Woman moves PHC against denial of citizenship to Afghan husband

Published October 29, 2021
The Peshawar High Court building. — PPI/File
The Peshawar High Court building. — PPI/File

PESHAWAR: A Pakistani woman on Thursday moved the Peshawar High Court requesting it to declare unconstitutional a provision of the Pakistan Citizenship Act, 1951, which allows citizenship to the foreign wife of a Pakistani man but does not extend the same to the foreign husband of a Pakistani woman.

In the petition, Peshawar resident Sameena Roohi sought the court’s orders for the respondents, including interior ministry and National Database and Registration Authority, to grant citizenship to her Afghan husband, Naseer Mohammad.

She claimed that the law discriminated against the country’s women citizens.

The petitioner requested the court to declare unconstitutional and discriminatory Section 10(2) of the Citizenship Act, under which the wife of a Pakistani resident is entitled to the country’s citizenship but the same is denied to the foreign husband of a Pakistani woman.

Calls Citizenship Act’s relevant provision discriminatory

She sought orders to declare that Section 10(2) of the Citizenship Act was not brought in conformity with the fundamental rights within two years of the commencement of the Constitution, which was a mandatory requirement under Article 8(4) of the Constitution.

The petition is filed through senior lawyer Saifullah Muhib Kakakhel and Mehwish Muhib Kakakhel.

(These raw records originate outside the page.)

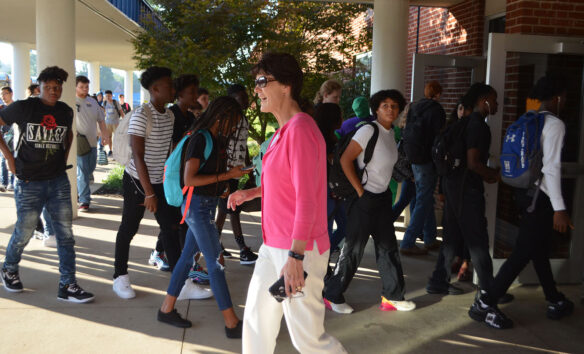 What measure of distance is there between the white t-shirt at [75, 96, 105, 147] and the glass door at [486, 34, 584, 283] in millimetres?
6377

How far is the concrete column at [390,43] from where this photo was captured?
8609mm

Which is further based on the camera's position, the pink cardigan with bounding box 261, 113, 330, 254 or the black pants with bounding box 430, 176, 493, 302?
the black pants with bounding box 430, 176, 493, 302

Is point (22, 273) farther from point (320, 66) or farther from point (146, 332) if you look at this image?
point (320, 66)

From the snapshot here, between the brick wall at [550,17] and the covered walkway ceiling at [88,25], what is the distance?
953cm

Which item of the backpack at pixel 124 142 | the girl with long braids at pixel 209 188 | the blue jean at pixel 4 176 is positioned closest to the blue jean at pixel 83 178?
the blue jean at pixel 4 176

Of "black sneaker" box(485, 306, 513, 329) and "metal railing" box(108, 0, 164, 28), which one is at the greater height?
"metal railing" box(108, 0, 164, 28)

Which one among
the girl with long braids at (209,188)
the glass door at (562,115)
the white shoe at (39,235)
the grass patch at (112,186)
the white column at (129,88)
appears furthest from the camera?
the white column at (129,88)

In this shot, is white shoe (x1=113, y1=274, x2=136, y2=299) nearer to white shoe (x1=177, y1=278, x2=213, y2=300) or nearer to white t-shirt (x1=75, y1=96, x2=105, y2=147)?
white shoe (x1=177, y1=278, x2=213, y2=300)

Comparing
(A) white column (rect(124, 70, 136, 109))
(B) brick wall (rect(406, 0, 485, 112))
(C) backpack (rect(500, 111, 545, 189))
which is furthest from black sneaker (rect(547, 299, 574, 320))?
(A) white column (rect(124, 70, 136, 109))

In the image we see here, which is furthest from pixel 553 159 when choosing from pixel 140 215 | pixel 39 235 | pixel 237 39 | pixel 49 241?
pixel 237 39

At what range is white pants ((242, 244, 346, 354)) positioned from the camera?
8.91ft

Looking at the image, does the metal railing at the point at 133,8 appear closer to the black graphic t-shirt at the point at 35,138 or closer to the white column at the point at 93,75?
the black graphic t-shirt at the point at 35,138

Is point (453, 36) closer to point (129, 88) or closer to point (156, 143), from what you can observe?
point (156, 143)

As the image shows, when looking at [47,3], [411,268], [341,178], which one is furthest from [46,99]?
[411,268] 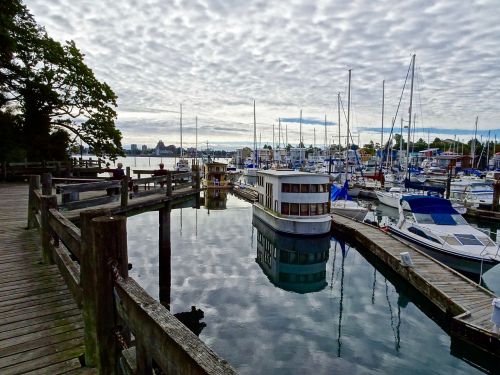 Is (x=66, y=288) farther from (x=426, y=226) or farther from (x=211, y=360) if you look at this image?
(x=426, y=226)

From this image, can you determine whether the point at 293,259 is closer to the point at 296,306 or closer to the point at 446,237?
the point at 296,306

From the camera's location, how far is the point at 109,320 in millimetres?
2938

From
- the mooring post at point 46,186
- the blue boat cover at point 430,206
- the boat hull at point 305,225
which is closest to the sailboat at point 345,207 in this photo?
the boat hull at point 305,225

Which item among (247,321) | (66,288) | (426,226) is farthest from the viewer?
(426,226)

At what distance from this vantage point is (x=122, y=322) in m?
2.98

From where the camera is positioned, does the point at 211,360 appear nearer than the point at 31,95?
Yes

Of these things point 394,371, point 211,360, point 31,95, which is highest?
point 31,95

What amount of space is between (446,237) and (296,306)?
9179 millimetres

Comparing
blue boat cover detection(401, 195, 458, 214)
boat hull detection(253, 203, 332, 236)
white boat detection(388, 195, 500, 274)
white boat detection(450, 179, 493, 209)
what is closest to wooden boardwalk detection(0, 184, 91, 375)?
white boat detection(388, 195, 500, 274)

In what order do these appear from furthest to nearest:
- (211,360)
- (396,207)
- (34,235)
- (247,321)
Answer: (396,207), (247,321), (34,235), (211,360)

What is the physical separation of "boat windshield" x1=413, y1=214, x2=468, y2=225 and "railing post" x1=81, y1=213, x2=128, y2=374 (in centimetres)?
1985

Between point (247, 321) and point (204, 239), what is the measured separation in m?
11.8

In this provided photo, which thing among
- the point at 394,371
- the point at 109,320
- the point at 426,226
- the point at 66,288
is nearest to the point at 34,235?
the point at 66,288

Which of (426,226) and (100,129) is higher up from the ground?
(100,129) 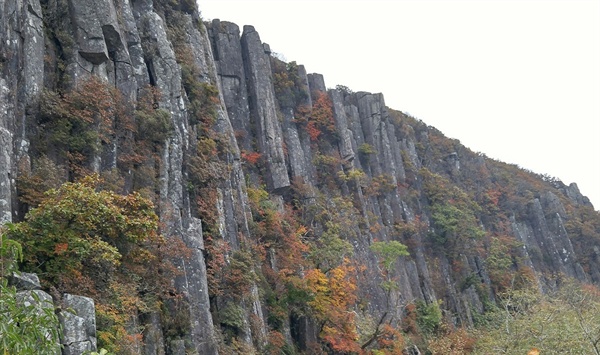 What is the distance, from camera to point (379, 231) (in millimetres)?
40156

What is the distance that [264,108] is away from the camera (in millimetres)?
35531

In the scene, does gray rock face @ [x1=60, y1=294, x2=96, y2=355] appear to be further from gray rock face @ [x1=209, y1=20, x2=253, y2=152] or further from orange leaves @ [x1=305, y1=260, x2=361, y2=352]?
gray rock face @ [x1=209, y1=20, x2=253, y2=152]

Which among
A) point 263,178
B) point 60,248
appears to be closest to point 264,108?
point 263,178

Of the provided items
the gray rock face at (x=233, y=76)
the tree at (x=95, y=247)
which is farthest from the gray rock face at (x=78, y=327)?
the gray rock face at (x=233, y=76)

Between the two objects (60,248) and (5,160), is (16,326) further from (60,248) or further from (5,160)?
(5,160)

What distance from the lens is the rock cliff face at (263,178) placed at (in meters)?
18.3

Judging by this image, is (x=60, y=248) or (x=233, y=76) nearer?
(x=60, y=248)

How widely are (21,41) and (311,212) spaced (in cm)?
2066

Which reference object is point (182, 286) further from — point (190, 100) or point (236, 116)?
point (236, 116)

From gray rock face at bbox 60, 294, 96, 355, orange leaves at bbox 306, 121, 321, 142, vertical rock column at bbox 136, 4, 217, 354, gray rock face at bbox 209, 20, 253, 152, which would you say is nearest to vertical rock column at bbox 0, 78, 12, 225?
gray rock face at bbox 60, 294, 96, 355

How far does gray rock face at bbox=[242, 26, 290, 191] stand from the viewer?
33875mm

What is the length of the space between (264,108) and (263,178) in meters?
4.80

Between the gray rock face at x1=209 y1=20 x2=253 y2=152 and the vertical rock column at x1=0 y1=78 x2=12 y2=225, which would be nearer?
the vertical rock column at x1=0 y1=78 x2=12 y2=225

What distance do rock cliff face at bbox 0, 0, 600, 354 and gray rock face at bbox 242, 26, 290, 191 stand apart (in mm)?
100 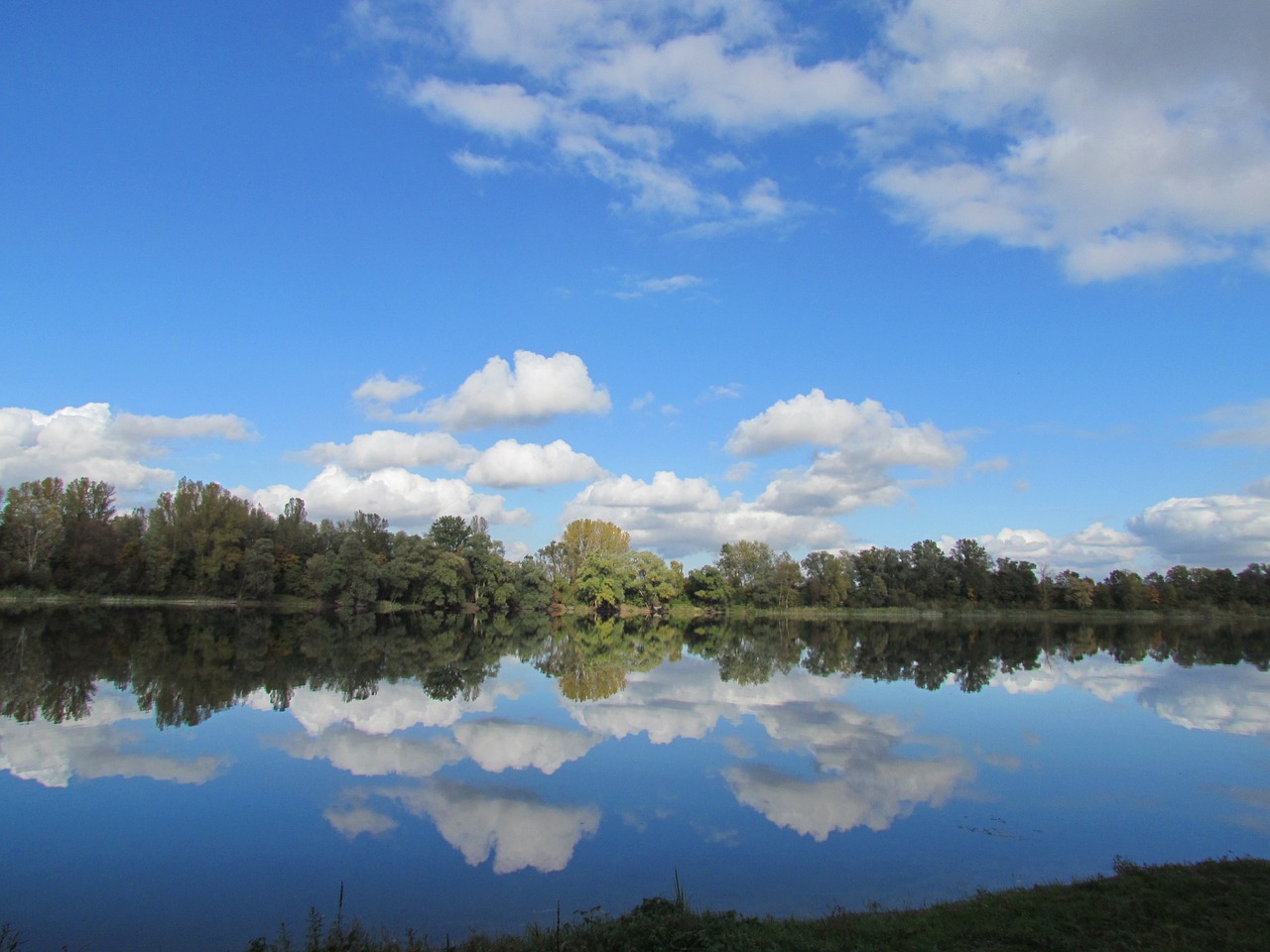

The petitioner contended that Section 10(2) of the law was discriminatory and didn’t treat men and women equally.

The respondents in the petition are Nadra through its director-general, interior ministry through its secretary, and directorate-general of immigration and passport through it director general.

The petitioner said she belonged to a respectable family, was married to an Afghan national, Naseer Mohammad, in 1985 and had five children from the marriage and they all were Pakistani nationals.

She said her husband had been working in Kuwait for a long time and he had only been granted Pakistani visa for a short period of one month or so to visit his family.

The woman claimed that her husband had not been given an appointment in Kuwaitforvisa due to Covid-19 pandemic, so he could not visit his family.

She said she had visited the Nadra and immigration offices seeking citizenship for her husband, but was told that Section 10(2) of the law applied only to the foreign wife of a Pakistani man.

The petitioner contended that the Federal Shariat Court had declared in 2008 the impugned provision repugnant to the injunctions of the Holy Quran and Sunnah, and called it discriminatory, against gender equality and a violation of Articles 2(a) and 25 of the Constitution.

She said Pakistan was home to millions of refugees from Afghanistan, who shared the same culture, language, etc. and large number of them had contracted marriages with Pakistanis especially in Khyber Pakhtunkhwa and Balochistan, but only the spouses of men are granted nationality of Pakistan and Pakistani women were deprived of the same.

The petitioner also referred to several international conventions, to which Pakistan was signatory including Universal Declaration of Human Rights, Convention on Elimination of All Forms of Discrimination against Women, International Covenant on Civil and Political Rights and said by not amending the Citizenship Act, the government had been violating all those international laws, which declared that there should be no discrimination on basis of gender.